|11-28-2006, 07:43 AM||#106|
Rock n' Roll Doggie
Join Date: Jul 2005
Local Time: 01:14 AM
Yes, and I didn't mean this incident in particular.
My comment was meant more in genera and not to the ideo, but to quotes in newspapers published laterl. It's easy now for everybody to come up and say Michael Richards said that and did that. And the media will write it down immediately and publish it.
I don't want to insinuate (hope that's the right term) anyone to be a liar. But I also would like to raise the question if we can believe every single word said in every single newspaper? We shouldn't jump on everything and make it a fact only because it is written in the newspaper or told on CNN.

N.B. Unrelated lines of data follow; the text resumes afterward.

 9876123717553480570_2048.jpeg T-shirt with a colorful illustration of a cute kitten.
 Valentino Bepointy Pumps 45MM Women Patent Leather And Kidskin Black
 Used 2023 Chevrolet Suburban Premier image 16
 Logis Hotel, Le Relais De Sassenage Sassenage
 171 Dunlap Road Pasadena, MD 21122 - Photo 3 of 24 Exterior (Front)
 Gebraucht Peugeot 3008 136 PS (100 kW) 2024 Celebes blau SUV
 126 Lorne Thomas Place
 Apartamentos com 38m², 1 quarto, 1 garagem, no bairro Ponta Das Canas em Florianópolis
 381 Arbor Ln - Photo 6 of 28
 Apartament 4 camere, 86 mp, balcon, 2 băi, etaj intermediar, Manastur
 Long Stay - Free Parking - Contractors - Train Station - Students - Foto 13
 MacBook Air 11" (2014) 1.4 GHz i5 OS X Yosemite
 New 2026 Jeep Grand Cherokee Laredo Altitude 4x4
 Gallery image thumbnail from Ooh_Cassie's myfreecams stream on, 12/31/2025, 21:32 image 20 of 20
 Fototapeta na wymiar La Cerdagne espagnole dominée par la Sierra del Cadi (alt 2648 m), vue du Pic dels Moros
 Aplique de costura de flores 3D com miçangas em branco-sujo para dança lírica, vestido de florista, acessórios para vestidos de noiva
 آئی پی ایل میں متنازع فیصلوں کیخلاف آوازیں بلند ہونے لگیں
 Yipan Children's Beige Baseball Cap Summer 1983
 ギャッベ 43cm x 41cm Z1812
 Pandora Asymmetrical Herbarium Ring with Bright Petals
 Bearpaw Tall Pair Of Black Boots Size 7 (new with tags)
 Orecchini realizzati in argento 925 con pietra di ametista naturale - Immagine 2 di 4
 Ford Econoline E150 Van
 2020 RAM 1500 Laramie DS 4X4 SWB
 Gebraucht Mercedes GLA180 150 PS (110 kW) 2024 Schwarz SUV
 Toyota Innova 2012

Here in Germany it's pretty obvious with a recent debate about video games. Two weeks ago a 18-year old went amok in his former school injuring 37 people.
He wrote diaries, made movies and published texts on the internet about his feelings, his view on society and his reasnos for the amok.
First politicians, and then media jumped on the train that he played computer games and said more or less single voice that egoshooters were the one and only reason for the amok. They totally ignored what he gave as reasons.
Then RTL, the biggest television company in Europe with the biggest market share, published his last statement on their website, stating it was the unvorrected original.
What they obviously didn't know , or simply forgot, is that the original statement was available on the internet, and that several other media has published the text as well.
Comparing the text on the RTL page with the original showed that RTL just cut out many sentences. The very first one was a sentence in which the amok-runner criticised the media.
They also cut out other sentences and even whole text passages.
Remember, they said on their page this is the original text, uncorrected. They didn't say they left it uncut in particular, but they should have mentioned that they did cut out some passages.
So the uncomfortable criticism of the media and other parts were just left out, presenting another picture of his thoughts.
Still they go on saying that the reason for that amok have been computer games.
I don't want in any way either excuse what the amok-runner did, and his reasons were just sick, nor do I try to excuse what Michael Richards said.
I just wanted to say more in general that we shouldn't blindly follow the words written in newspapers or said in TV news.
I also always have to think of the fortuneteller who came up in about the middle of 1998 saying he saw the dead of Lady Di two years ago.
|11-28-2006, 07:58 AM||#107|
Blue Crack Addict
Join Date: Nov 2002
Local Time: 07:14 PM
I don't think anyone here is saying that their hands are clean or that they are perfect by any means or that they don't have prejudices and express them - I'm certainly not by a long shot, nor do I ignore his remorse over it.__________________
I merely think it's worth discussing when someone uses overtly racist language in public and the effect and power that language still has, so shoot me I don't want to hang Kramer or stick a fork up his butt...
Maybe, possibly something to think about. Whether she's right or wrong about it in one's personal opinion, still worth thinking about. Speaking for myself as a white person who will never know what it's like to be a minority, it's their perspective that truly matters to me.
If Michael Richards wants to get right with the black community, he'll have to do better than beg for forgiveness from Jesse Jackson and Al Sharpton. So says Janet Langhart, the former Channel 5 newsgal who knows a thing or two about bigotry. "His comments really struck a nerve with me," Langhart told us yesterday, referring to the "Seinfeld" star's torrent of hate speech. "We're only a word away from going back to the dark ages of Klansmen." Langhart, who's African-American, has been married for 11 years to former defense secretary Bill Cohen, with whom she's just written a book called "Love in Black and White: A Memoir of Race, Religion, and Romance." Due out in February, the book includes a play, written by Langhart, about a mythical conversation between Anne Frank and Emmett Till. "If Richards could read it, he might say, 'Whoa, what did I do?' " says Langhart. "As a culture, it seems we don't learn our lessons." Much like Mel Gibson's rant and Senator George Allen's "Macaca" moment, she said Richards's slurs have stirred powerful emotions. (No kidding. Actor Jamie Foxx has threatened to beat Richards to a bloody pulp.) "When people who're highly recognizable say [ racist or anti-Semitic ] things," said Langhart, "it sends a message like an electric shock that it's OK to treat people any kind of way."